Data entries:
* * *

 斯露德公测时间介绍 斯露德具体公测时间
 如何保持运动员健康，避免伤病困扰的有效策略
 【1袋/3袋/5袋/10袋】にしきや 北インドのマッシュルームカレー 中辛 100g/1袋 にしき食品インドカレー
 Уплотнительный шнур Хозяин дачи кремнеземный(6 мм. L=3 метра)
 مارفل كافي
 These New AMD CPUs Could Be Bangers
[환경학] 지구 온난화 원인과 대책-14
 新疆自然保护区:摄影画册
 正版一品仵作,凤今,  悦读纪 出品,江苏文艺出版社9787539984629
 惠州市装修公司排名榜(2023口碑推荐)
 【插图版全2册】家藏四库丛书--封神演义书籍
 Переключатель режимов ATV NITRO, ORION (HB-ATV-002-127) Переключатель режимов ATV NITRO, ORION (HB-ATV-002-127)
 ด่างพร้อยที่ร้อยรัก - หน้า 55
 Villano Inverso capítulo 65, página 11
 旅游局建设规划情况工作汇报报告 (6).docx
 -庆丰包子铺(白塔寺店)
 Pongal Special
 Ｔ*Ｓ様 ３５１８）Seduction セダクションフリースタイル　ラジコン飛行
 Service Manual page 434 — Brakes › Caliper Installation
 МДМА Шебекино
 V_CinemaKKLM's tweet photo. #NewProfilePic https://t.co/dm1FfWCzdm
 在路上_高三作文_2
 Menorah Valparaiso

* * *

AIM OF THE TASK: Give back the records above exactly, limited to the lines between the one holding "如何保持运动员健康，避免伤病困扰的有效策略" and the one holding "ORION (HB-ATV-002-127) Переключатель", inclusive.

TASK SOLUTION:
 如何保持运动员健康，避免伤病困扰的有效策略
 【1袋/3袋/5袋/10袋】にしきや 北インドのマッシュルームカレー 中辛 100g/1袋 にしき食品インドカレー
 Уплотнительный шнур Хозяин дачи кремнеземный(6 мм. L=3 метра)
 مارفل كافي
 These New AMD CPUs Could Be Bangers
[환경학] 지구 온난화 원인과 대책-14
 新疆自然保护区:摄影画册
 正版一品仵作,凤今,  悦读纪 出品,江苏文艺出版社9787539984629
 惠州市装修公司排名榜(2023口碑推荐)
 【插图版全2册】家藏四库丛书--封神演义书籍
 Переключатель режимов ATV NITRO, ORION (HB-ATV-002-127) Переключатель режимов ATV NITRO, ORION (HB-ATV-002-127)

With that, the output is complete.